To link Mrs. King's life to that of her husband's is inevitable, especially in light of the work she had done to protect, maintain and enhance his legacy. While his 1968 assassination brought an end to their marriage after only 15 years, Mrs. King never remarried and spent the last 38 years of her life creating her own legacy.

Immediately after her husband's death, she founded the King Center, eventually locating it in the neighborhood where he grew up.

She also worked for more than 15 years to get her husband's birthday established as a national holiday. Celebrated on the third Monday in January, King Day is the only national holiday honoring an individual American.

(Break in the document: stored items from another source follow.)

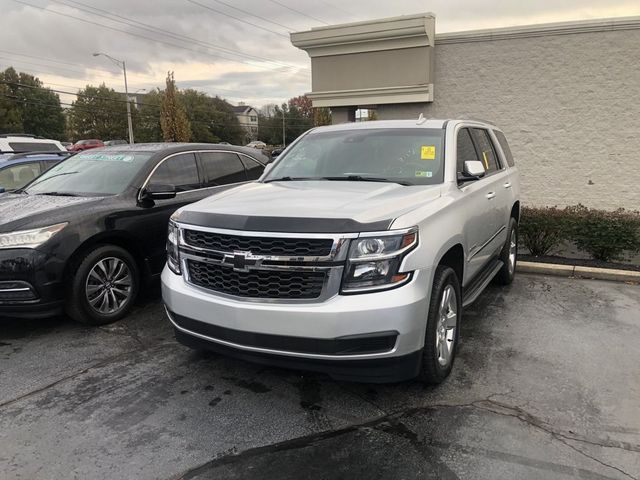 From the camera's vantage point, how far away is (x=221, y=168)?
6.55m

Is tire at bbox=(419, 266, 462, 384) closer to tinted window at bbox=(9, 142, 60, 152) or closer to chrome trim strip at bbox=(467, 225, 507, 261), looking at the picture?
chrome trim strip at bbox=(467, 225, 507, 261)

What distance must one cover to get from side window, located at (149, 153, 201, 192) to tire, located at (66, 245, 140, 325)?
1009 millimetres

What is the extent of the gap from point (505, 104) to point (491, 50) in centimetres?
120

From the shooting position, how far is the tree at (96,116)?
263 feet

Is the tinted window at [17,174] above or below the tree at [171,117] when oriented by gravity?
below

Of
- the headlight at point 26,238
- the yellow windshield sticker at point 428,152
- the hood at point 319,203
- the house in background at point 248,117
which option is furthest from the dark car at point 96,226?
the house in background at point 248,117

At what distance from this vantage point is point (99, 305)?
491 cm

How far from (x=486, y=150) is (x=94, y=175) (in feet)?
14.4

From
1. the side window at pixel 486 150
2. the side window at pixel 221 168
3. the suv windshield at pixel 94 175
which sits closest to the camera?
the side window at pixel 486 150

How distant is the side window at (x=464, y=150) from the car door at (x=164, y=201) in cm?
313

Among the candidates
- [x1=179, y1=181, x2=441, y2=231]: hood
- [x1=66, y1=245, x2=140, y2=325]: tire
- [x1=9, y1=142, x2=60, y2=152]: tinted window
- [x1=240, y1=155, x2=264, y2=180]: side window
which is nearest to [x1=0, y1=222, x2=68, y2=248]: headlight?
[x1=66, y1=245, x2=140, y2=325]: tire

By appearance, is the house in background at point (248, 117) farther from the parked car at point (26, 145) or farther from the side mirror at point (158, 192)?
the side mirror at point (158, 192)

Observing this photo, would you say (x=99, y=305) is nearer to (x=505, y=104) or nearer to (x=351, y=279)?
(x=351, y=279)

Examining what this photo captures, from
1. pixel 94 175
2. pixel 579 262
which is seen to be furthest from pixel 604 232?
pixel 94 175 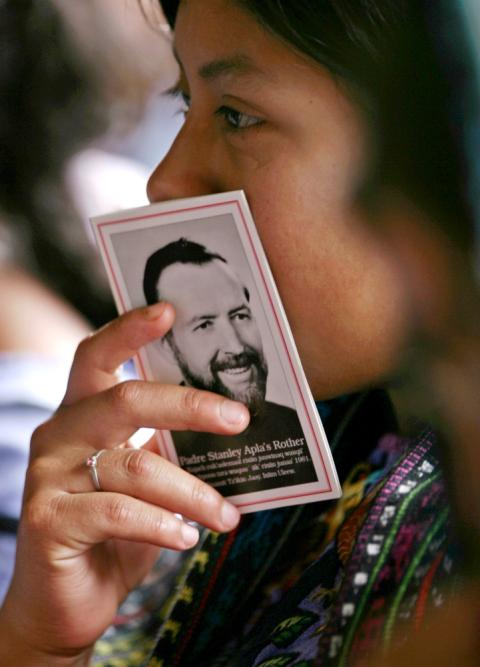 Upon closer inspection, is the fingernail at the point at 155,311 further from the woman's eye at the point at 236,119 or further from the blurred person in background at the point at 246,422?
the woman's eye at the point at 236,119

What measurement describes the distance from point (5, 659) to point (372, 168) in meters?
0.70

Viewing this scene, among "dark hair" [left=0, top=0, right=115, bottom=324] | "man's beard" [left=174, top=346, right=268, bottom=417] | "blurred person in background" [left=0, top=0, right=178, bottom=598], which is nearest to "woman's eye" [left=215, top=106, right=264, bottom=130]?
"man's beard" [left=174, top=346, right=268, bottom=417]

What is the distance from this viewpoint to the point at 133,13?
64.6 inches

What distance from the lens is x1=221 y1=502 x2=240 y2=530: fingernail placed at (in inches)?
34.1

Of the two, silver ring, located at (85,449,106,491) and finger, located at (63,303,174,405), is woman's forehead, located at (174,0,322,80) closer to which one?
finger, located at (63,303,174,405)

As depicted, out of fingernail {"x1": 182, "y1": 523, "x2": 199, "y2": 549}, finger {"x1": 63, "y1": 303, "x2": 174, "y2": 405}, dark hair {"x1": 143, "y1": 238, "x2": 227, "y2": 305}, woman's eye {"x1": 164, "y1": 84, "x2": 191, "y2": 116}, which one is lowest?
fingernail {"x1": 182, "y1": 523, "x2": 199, "y2": 549}

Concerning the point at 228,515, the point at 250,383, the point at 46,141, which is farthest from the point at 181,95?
the point at 46,141

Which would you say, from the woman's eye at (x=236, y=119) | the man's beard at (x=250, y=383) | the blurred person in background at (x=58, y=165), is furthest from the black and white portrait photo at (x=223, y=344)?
the blurred person in background at (x=58, y=165)

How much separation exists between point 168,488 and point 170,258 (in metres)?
0.23

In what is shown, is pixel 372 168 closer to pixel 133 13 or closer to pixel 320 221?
pixel 320 221

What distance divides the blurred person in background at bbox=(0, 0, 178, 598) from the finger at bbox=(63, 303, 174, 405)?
650 millimetres

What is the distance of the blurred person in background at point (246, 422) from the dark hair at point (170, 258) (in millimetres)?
27

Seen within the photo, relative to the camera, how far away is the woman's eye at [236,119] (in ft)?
2.64

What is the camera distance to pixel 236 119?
0.82 metres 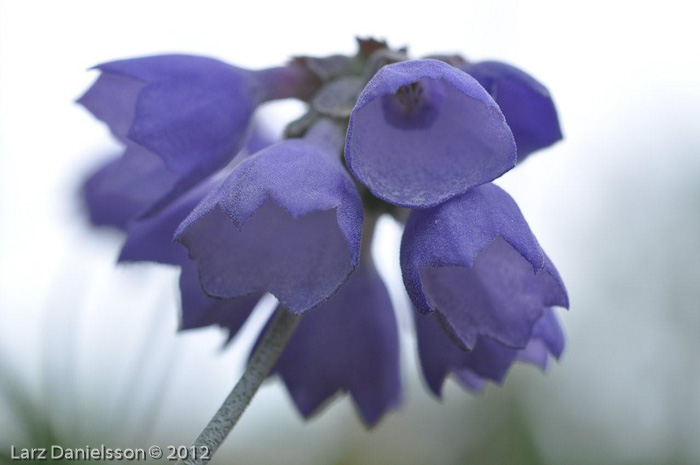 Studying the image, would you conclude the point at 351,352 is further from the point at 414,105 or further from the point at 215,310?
the point at 414,105

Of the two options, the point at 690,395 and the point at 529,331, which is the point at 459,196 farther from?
the point at 690,395

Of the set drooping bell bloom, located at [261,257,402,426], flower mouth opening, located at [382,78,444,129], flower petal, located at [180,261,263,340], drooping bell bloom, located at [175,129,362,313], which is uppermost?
flower mouth opening, located at [382,78,444,129]

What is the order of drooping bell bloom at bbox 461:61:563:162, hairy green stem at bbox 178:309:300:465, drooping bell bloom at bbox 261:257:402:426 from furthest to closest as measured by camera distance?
drooping bell bloom at bbox 261:257:402:426
drooping bell bloom at bbox 461:61:563:162
hairy green stem at bbox 178:309:300:465

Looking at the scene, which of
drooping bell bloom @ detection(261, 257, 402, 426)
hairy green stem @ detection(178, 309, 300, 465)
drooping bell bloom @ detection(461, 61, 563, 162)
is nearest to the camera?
hairy green stem @ detection(178, 309, 300, 465)

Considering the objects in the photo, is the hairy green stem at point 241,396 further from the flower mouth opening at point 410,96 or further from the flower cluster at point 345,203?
the flower mouth opening at point 410,96

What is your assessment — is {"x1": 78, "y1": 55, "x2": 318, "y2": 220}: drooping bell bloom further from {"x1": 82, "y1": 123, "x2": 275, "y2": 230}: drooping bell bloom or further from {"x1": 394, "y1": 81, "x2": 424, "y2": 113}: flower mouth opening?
{"x1": 394, "y1": 81, "x2": 424, "y2": 113}: flower mouth opening

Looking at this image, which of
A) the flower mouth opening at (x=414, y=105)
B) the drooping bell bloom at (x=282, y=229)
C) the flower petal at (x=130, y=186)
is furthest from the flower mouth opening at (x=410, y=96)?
the flower petal at (x=130, y=186)

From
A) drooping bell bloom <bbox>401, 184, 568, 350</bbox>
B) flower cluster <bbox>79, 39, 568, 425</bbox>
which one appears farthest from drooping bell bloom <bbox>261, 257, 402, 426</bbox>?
drooping bell bloom <bbox>401, 184, 568, 350</bbox>

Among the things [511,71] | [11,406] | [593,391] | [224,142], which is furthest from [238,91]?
[593,391] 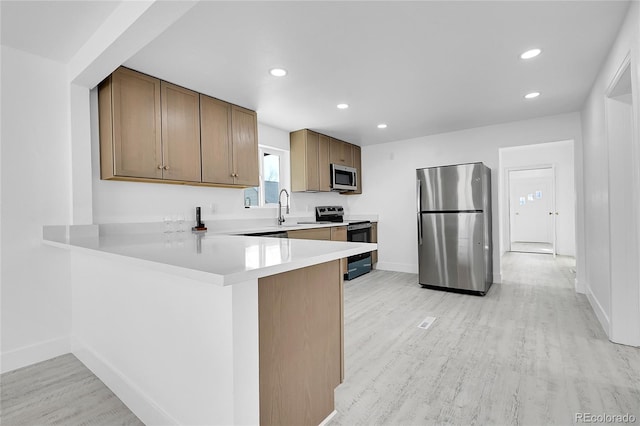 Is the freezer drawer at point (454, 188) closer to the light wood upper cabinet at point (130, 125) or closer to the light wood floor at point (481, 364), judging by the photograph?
the light wood floor at point (481, 364)

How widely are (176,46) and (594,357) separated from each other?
12.0 feet

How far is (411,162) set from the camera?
5133 mm

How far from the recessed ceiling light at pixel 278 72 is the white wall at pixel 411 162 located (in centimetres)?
311

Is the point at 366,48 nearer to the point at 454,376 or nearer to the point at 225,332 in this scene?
the point at 225,332

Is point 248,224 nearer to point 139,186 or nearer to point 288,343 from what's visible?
point 139,186

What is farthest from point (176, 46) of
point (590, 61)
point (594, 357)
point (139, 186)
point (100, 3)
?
point (594, 357)

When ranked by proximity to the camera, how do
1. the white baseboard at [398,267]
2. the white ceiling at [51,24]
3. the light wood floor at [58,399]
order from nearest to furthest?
the light wood floor at [58,399] → the white ceiling at [51,24] → the white baseboard at [398,267]

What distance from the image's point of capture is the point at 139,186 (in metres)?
2.82

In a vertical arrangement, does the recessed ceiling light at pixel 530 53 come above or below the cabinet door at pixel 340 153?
above

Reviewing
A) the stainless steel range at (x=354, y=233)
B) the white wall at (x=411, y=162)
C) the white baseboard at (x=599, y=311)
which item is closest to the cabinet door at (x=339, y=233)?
the stainless steel range at (x=354, y=233)

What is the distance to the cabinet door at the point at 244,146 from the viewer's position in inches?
131

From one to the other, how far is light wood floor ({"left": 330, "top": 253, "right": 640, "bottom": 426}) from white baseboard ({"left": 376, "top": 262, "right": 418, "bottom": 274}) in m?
1.49

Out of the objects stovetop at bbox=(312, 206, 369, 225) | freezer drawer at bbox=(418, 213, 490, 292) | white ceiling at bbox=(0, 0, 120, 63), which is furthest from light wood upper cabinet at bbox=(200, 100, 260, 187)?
freezer drawer at bbox=(418, 213, 490, 292)

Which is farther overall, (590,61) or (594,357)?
(590,61) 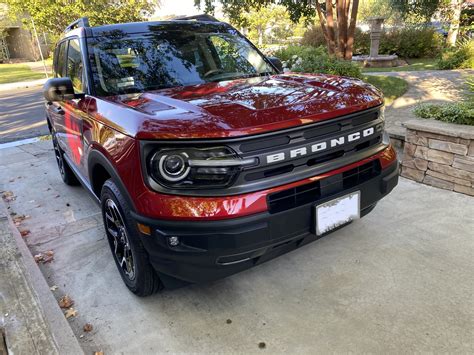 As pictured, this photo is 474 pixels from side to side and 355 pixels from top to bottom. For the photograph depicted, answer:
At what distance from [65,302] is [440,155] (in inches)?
144

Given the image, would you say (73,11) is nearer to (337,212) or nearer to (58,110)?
(58,110)

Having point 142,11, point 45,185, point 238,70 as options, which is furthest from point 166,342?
point 142,11

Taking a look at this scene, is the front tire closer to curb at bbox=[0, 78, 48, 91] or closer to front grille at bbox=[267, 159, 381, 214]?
front grille at bbox=[267, 159, 381, 214]

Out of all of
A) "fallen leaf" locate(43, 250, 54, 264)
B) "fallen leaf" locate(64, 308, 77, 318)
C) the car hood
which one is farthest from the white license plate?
"fallen leaf" locate(43, 250, 54, 264)

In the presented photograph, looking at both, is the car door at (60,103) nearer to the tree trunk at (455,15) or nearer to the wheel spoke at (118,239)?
the wheel spoke at (118,239)

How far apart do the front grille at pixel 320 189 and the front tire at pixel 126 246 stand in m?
0.82

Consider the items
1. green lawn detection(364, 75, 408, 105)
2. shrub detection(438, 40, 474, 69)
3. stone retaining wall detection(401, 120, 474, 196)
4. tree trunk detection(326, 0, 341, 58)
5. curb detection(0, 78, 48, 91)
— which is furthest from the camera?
curb detection(0, 78, 48, 91)

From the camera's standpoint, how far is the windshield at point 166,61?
9.41 feet

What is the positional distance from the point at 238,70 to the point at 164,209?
1.77m

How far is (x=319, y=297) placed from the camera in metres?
2.48

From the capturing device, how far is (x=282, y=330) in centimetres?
223

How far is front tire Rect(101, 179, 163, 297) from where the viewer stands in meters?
2.22

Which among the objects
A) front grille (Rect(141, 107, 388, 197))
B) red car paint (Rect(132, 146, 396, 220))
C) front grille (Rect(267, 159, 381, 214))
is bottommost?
front grille (Rect(267, 159, 381, 214))

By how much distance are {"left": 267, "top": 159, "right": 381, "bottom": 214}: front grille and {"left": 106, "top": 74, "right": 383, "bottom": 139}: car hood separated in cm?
35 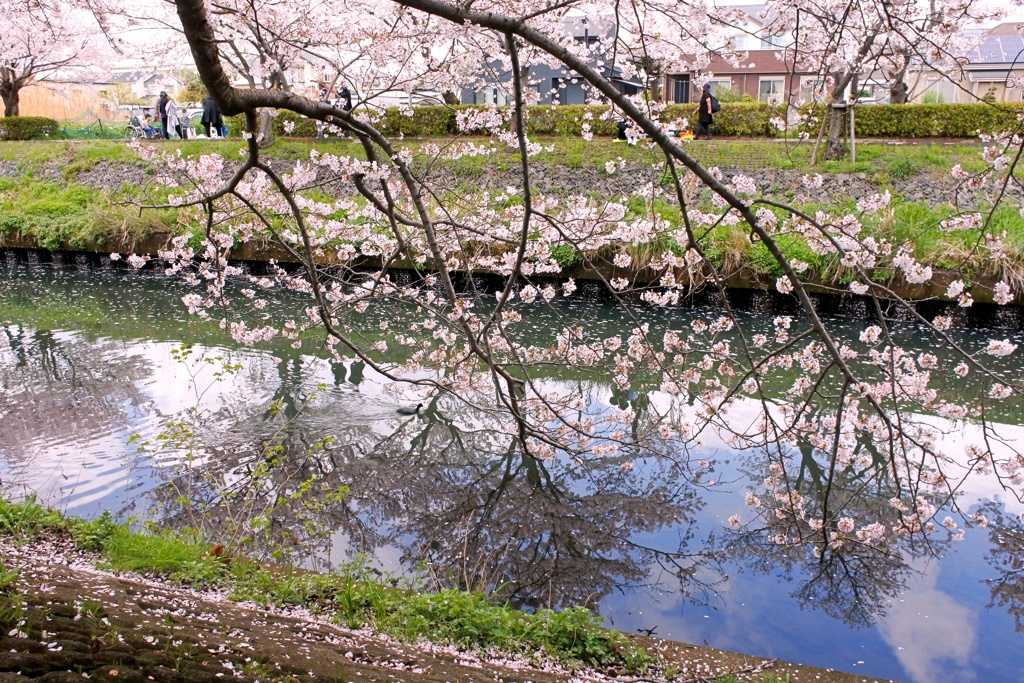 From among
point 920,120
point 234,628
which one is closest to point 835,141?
point 920,120

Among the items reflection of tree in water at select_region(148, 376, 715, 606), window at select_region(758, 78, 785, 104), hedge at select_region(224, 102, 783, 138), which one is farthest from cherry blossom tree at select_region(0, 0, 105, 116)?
window at select_region(758, 78, 785, 104)

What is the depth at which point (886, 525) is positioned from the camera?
15.1 ft

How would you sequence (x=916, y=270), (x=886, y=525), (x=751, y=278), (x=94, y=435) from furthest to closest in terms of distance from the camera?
(x=751, y=278) < (x=94, y=435) < (x=886, y=525) < (x=916, y=270)

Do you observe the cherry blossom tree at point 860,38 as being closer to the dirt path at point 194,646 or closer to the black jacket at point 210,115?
the dirt path at point 194,646

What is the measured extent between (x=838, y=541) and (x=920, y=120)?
11.9m

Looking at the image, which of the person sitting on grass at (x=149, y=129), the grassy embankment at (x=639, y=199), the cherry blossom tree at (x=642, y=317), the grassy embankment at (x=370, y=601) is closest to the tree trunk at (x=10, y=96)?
the person sitting on grass at (x=149, y=129)

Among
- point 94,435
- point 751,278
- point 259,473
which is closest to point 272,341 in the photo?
point 94,435

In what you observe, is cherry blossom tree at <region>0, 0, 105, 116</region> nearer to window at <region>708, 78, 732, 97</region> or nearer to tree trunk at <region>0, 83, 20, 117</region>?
tree trunk at <region>0, 83, 20, 117</region>

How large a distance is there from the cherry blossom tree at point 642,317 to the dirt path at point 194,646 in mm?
1008

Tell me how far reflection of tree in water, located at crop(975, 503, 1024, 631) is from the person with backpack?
9522 millimetres

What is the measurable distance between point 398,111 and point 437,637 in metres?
13.7

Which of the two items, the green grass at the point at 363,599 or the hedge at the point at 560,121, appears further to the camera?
the hedge at the point at 560,121

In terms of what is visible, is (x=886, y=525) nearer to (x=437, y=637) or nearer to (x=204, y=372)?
(x=437, y=637)

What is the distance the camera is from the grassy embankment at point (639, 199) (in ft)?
28.4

Coretta Scott was born April 27, 1927, in Marion, Ala., to Bernice McMurry Scott and Obadiah Scott, who farmed his own land and owned a truck, which he used to haul logs and timber for the local sawmill. Bernice Scott was a homemaker. Marion's rural setting exposed Coretta to the injustices of racism and segregation. Although her family was not poor, she joined hired hands picking cotton in the fields of rural Marion.

In 2005, Mrs. King's legendary drive and stamina started to wane. A heart condition slowed her down and led to at least three strokes. The last one, which struck her Aug. 16, severely weakened the right side of her body and left her unable to speak. Among her first words during recovery was "I love you," whenever she saw any of her children.

Even before she recovered her speech, she could do one of the things she truly loved: sing.

Survivors include her children; a sister, Edythe Bagley of Cheney, Pa., and a brother, Obie Scott of Tuscaloosa, Ala.

Information from the Associated Press, Cox News Service and Los Angeles Times was used in this report.